The first generation R8 came with a reasonable 4.2 litre naturally aspirated V8, the same V8 that was also found in the well-aged RS4 at the time. That roaring V8 was subtle yet quiet, powerful yet smooth, and most of all, it was an engineering masterpiece. At the time, the engine produced a sufficient 425 bhp and 430 Nm of torque, 0-62 mph was achieved in a sensible 4 seconds and a top speed of about 190 mph. Which, back in 2007, was quite impressive, but it was light, coming in at 1,560kg, which made it not only fast but nimble.
Since Audi also owns Lamborghini, they decided to upgrade the R8’s powertrain. Fast forward a couple of years later, they strapped a 5.2-litre Lamborghini V10 into this mid-engined behemoth, and a new beast was born. The R8 V10 produced an astounding 530 bhp and 540 Nm of torque. However, the V10 plus and the newer generation models produced 605 bhp and 560 Nm of torque, which means that 0-62 mph took less than 3 seconds and onto a top speed of 207 mph even though the R8 shared most of its components with the Lamborghini Gallardo and its replacement the Huracan.
I always preferred the R8 over the Huracan; the angles looked sleeker, and the car wasn’t trying too hard to stand out, nor did it look mass-produced. It still had that futuristic yet classic R8 look; when driving behind the wheel, the car felt alive; it wasn’t docile unlike many Audis can be; it was fun, loud, and most of all, it put a smile on your face. It was a driver’s car and one that was practical and could be used every day; plus, the boot was big enough for a goat or a medium-sized person.
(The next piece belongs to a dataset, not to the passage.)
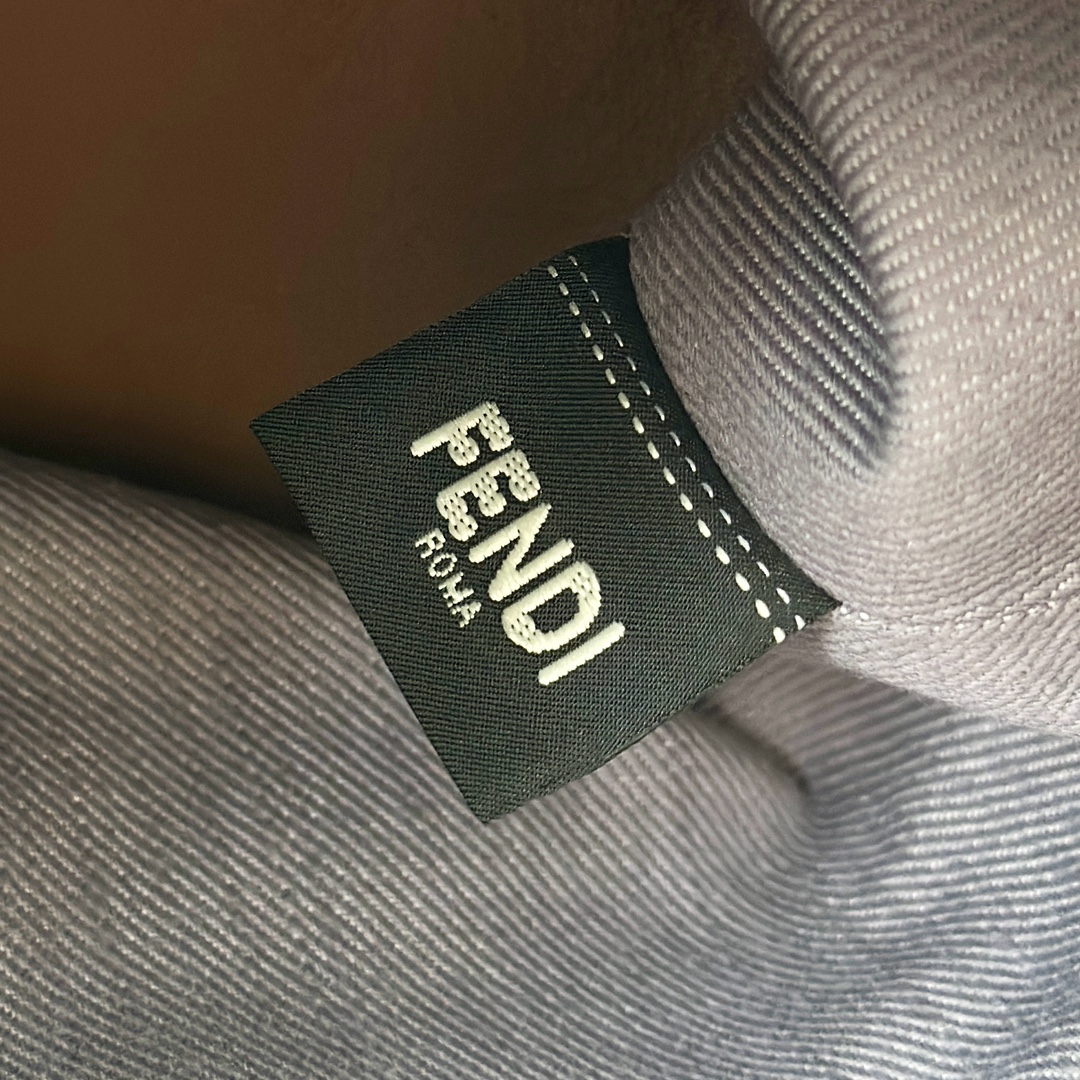 [TOP] FENDI Boston By The Way Bag 20/9/12cm&28/12/18cm - Denim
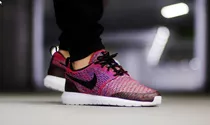 Nike Roshe Run Flyknit Multi-color Men's Tam 40 Importado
The interior has mixed reviews; it follows a more minimalist driver-orientated approach. There is no infotainment screen in the middle of the dash that the passenger can use. Instead, everything from the radio station to the sat-nav and driving dynamics is all embedded within the digital instrument cluster. Some might argue it’s pretty dull and minimalist, but most will state that it focuses on the driving dynamics, with no distractions, just you and the machine. Then again, let’s be honest; most of the time, the passengers are on their phones anyways, so there is no loss there for them.
Unfortunately, after 16 years in production and several generations, Audi has pulled the plug on manufacturing this anthropomorphic entity. Instead, it’ll be replaced by another soulless electric car set to be released sometime this year as Audi’s flagship “electric supercar”. It’s not all sad news, though; we’ve had the pleasure of growing up with the R8 and watching it evolve; many of us have been able to enjoy driving it virtually, while a lucky few have had the privilege of driving and owning one in the real world. It is a bittersweet send-off for the Audi R8; it just means it’ll be a little more special whenever we see one.